Last week, the first salvo of a global trade war was fired: US tariffs on steel and aluminum.
Like the “shot heard round the world,” the American protectionist move has politicians and economists in industrialized nations strategizing with their spreadsheets. From Porsches to prosciutto, every country is scouring trade numbers to see what can be tit for tat in the event of all-out global trench digging.
Canadian industries, on the other side of the bridge from where the shot was fired, have their helmets on. The volley is a prod to put all things we peddle—and to whom we peddle to—into perspective.

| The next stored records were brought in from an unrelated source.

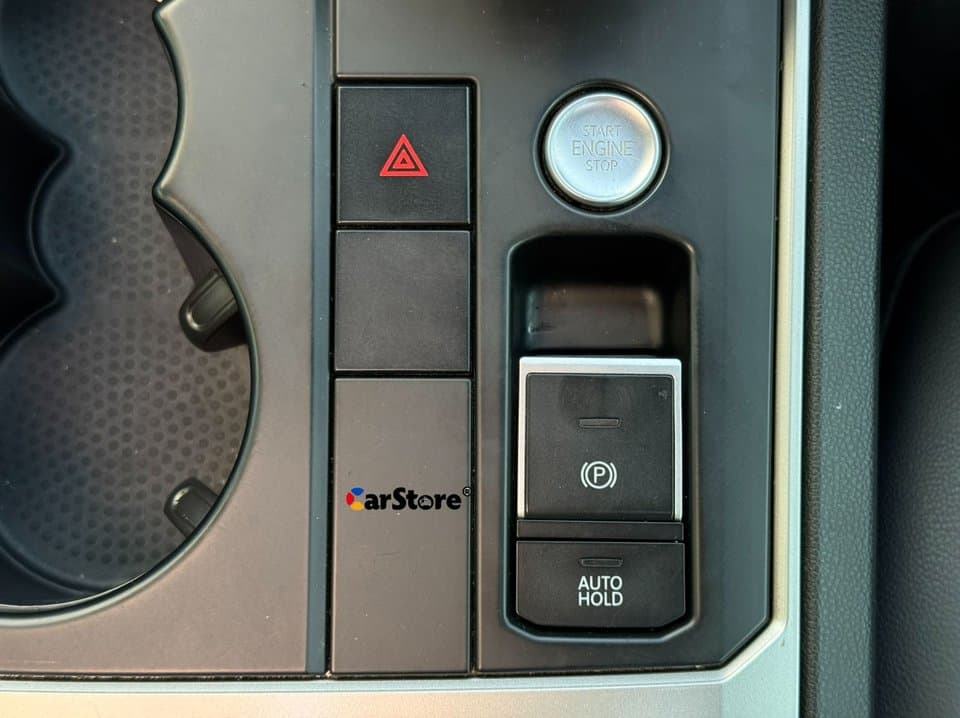 2019 Volkswagen Touareg - Image 17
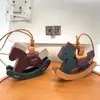 Encantador y Versátil Colgante para Bolso de Caballo Mecedora, Colgante de Dibujos Animados en Cuero, Colgante Hecho a Mano en Cuero Genuino, Llavero para Coche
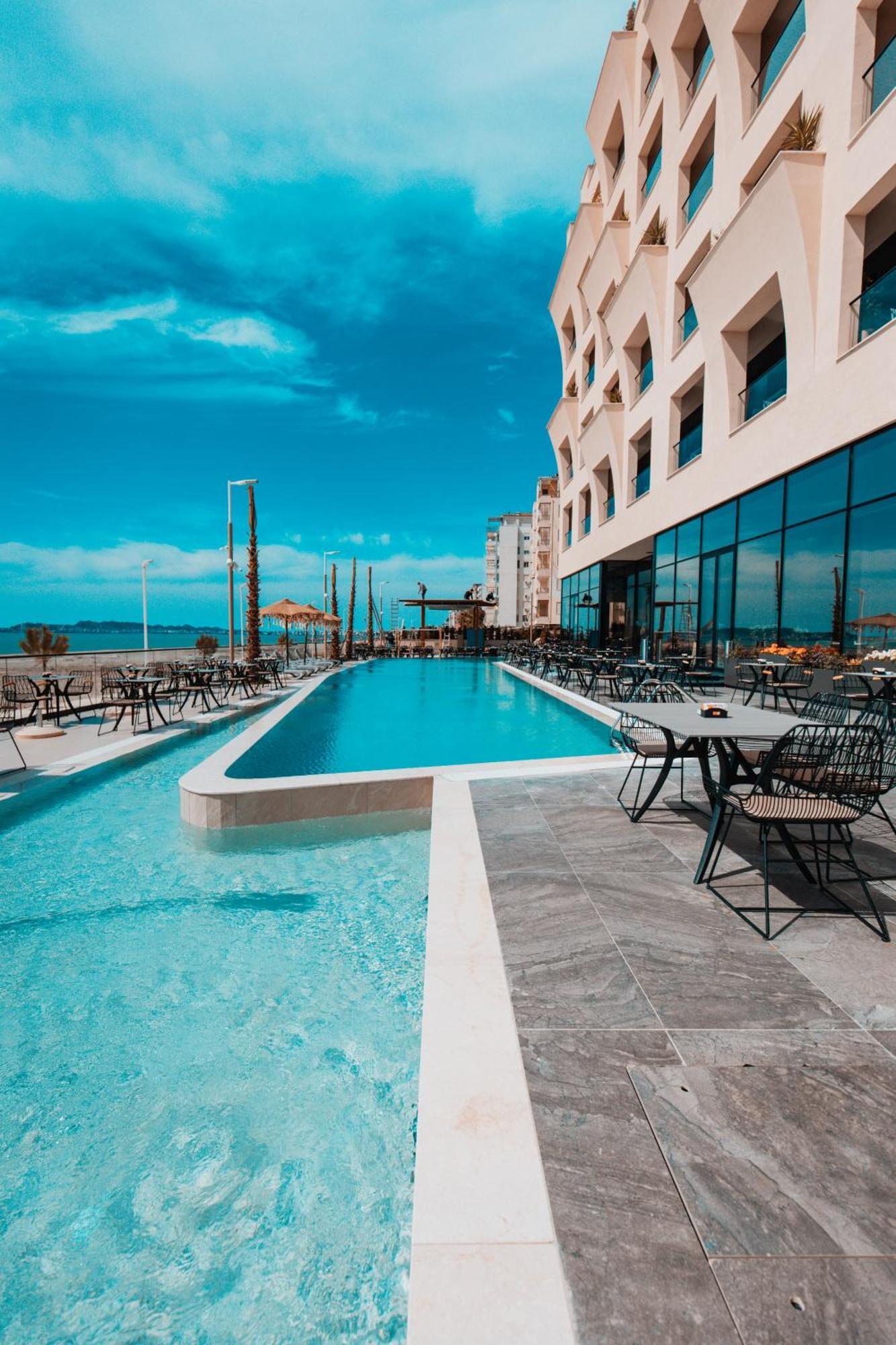 Готель Royal G Deluxe Shkallnur Екстер'єр фото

Steel, for instance, has much in common with oil, natural gas and petroleum products businesses. Both are products sourced from a plentiful domestic endowment of resources — iron ore and hydrocarbons. Both fight for market share in a fiercely competitive global market. Both have long been vulnerable to the vagaries of government policy. Both are hugely important to their provincial economies, Ontario and Alberta respectively. And both are dominantly exported to the United States.
But that’s where the comparisons end. We sell a lot more barrels of oil than rolls of steel.
Sifting through the eye-rubbing data tables on the Statistics Canada website, exports of “iron, steel and articles thereof” in 2017 were $14.0 billion. About 86 percent of those exports were sold to the United States. Aluminum and articles thereof was $12.6 billion. It’s not clear which product sub-classifications, if any, may be subject to US tariffs. Nor do we know if nuts, bolts, fence posts, and other value-added articles thereof will be included. But let’s assume everything is thrown into the Trumpian blast furnace.
By comparison, exports of Canada’s oil, gas and petroleum products last year—during a period of depressed prices—were almost $107 billion, 91 percent of which went south of the border.